* **WHAT THE EXERCISE ASKS**
Although the material holds pictures, none belong in the copy; transcribe exactly, and only, the lines from the one with "Piso en venta" through the end.

* **GIVEN MATERIAL**
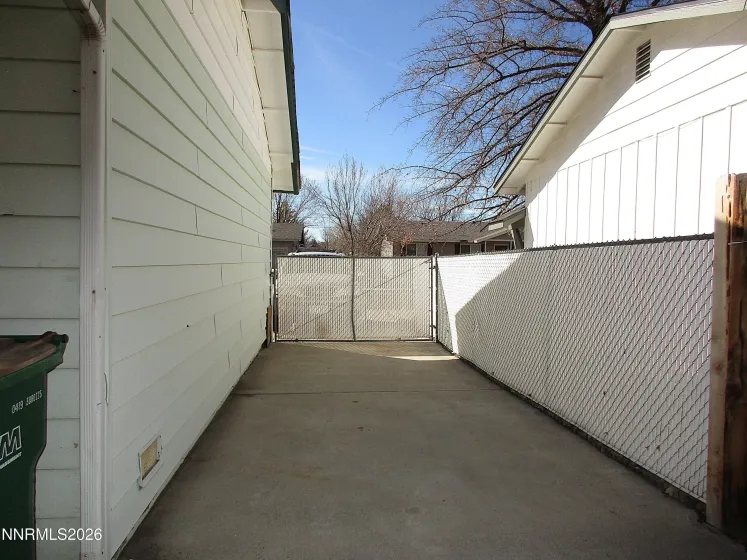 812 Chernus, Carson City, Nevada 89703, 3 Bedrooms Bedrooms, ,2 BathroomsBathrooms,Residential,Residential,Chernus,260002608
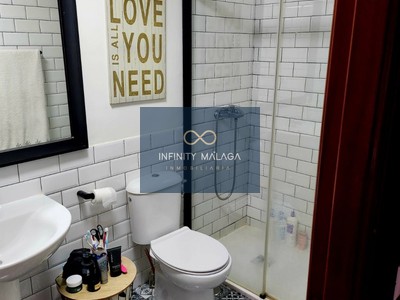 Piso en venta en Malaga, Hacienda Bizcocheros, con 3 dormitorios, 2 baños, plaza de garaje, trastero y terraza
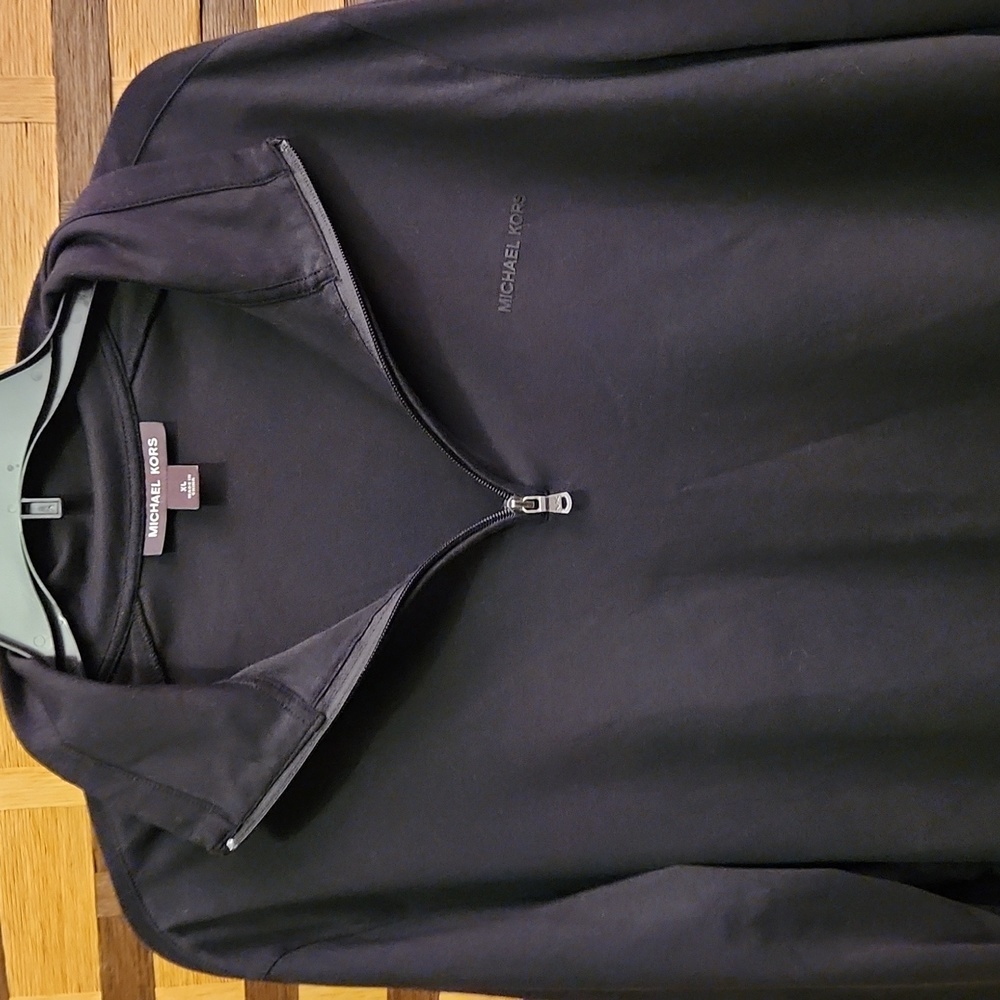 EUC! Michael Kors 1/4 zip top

* **YOUR RESPONSE**
 Piso en venta en Malaga, Hacienda Bizcocheros, con 3 dormitorios, 2 baños, plaza de garaje, trastero y terraza
 EUC! Michael Kors 1/4 zip top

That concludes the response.